■ Assigned task
All that is wanted is the exact text of the lines below from the one with "Reli Dolap Beyaz" through the one with "vidaXL Sofa Set", inclusive, minus any pictures.

■ Record set

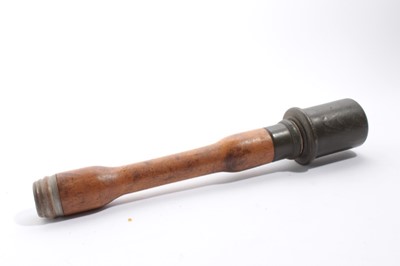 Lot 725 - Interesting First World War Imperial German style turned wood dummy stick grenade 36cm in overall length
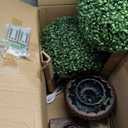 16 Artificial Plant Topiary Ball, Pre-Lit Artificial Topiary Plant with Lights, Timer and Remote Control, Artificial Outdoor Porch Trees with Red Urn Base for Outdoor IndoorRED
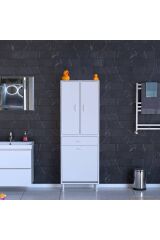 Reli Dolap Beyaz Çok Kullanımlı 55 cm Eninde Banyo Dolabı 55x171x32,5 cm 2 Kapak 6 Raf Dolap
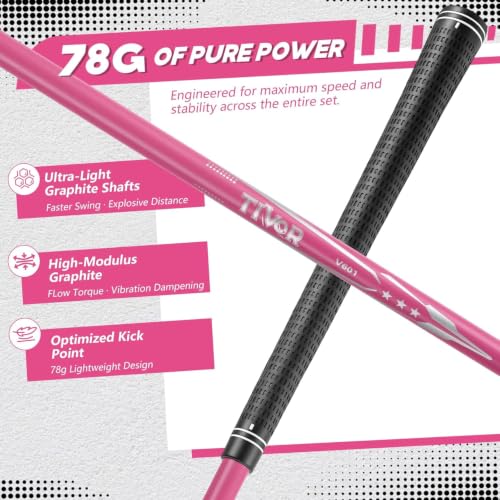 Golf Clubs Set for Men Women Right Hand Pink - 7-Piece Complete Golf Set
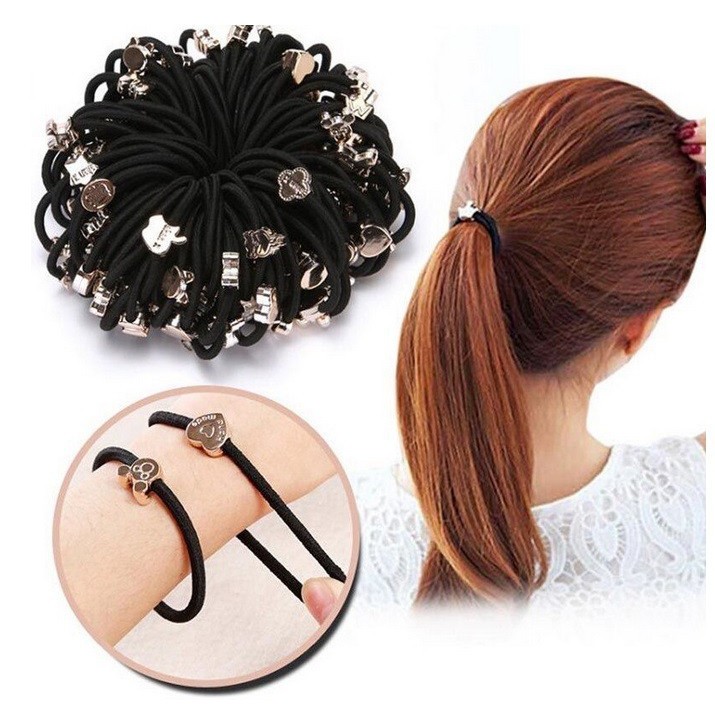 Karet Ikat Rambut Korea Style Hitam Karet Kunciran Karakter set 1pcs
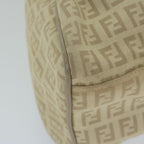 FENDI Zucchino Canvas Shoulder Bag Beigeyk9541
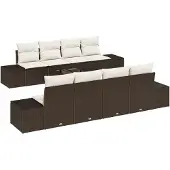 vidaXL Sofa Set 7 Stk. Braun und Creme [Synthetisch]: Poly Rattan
...
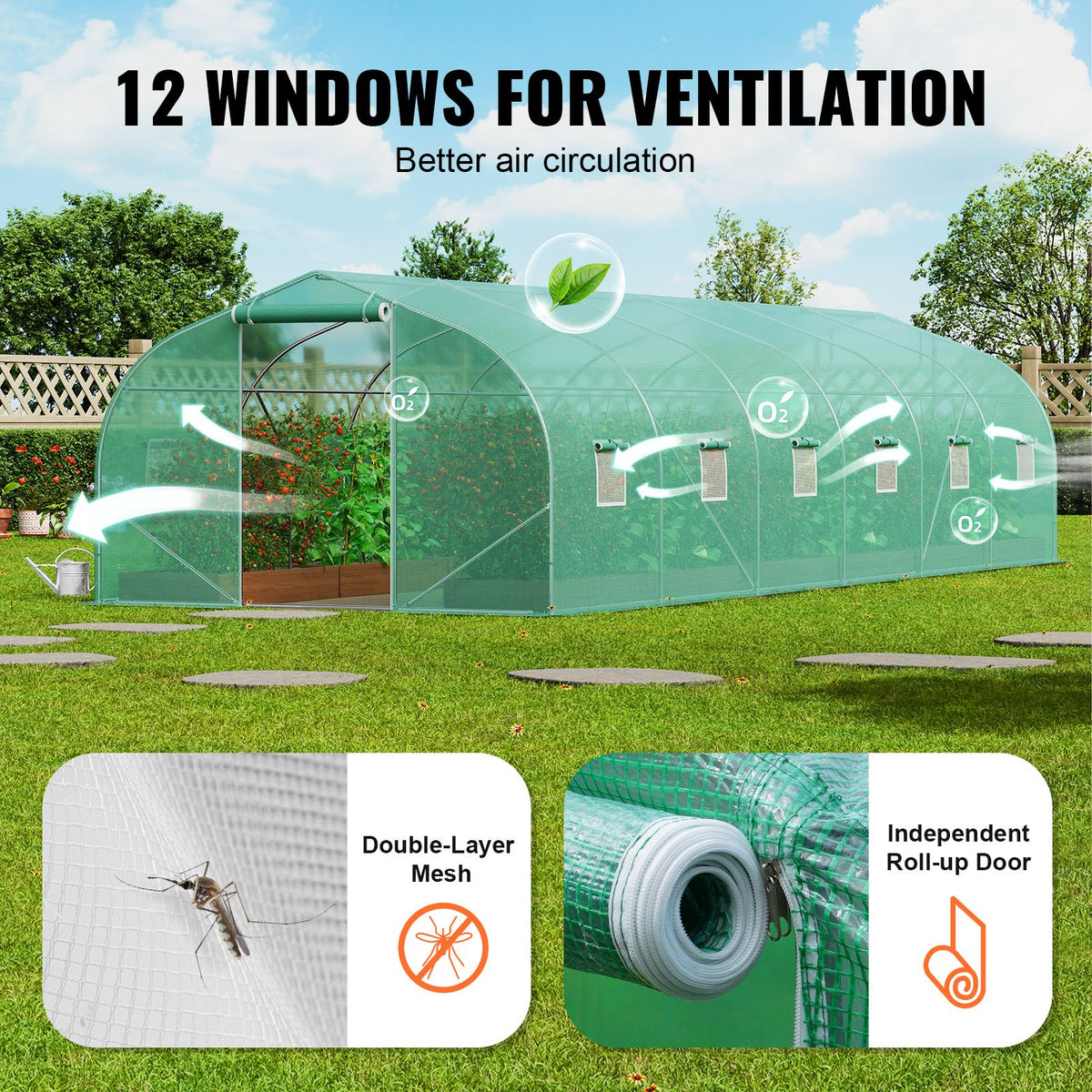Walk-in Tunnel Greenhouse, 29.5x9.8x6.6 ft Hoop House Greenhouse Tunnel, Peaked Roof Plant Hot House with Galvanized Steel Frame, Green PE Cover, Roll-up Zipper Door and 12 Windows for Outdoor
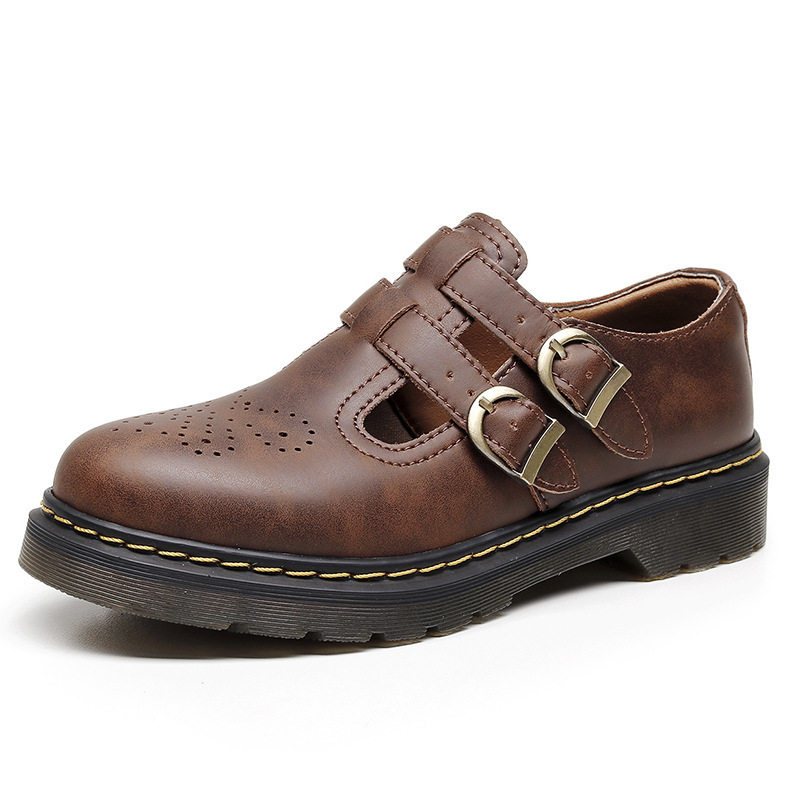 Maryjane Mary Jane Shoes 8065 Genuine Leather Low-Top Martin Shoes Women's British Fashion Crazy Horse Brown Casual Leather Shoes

■ Final answer
 Reli Dolap Beyaz Çok Kullanımlı 55 cm Eninde Banyo Dolabı 55x171x32,5 cm 2 Kapak 6 Raf Dolap
 Golf Clubs Set for Men Women Right Hand Pink - 7-Piece Complete Golf Set
 Karet Ikat Rambut Korea Style Hitam Karet Kunciran Karakter set 1pcs
 FENDI Zucchino Canvas Shoulder Bag Beigeyk9541
 vidaXL Sofa Set 7 Stk. Braun und Creme [Synthetisch]: Poly Rattan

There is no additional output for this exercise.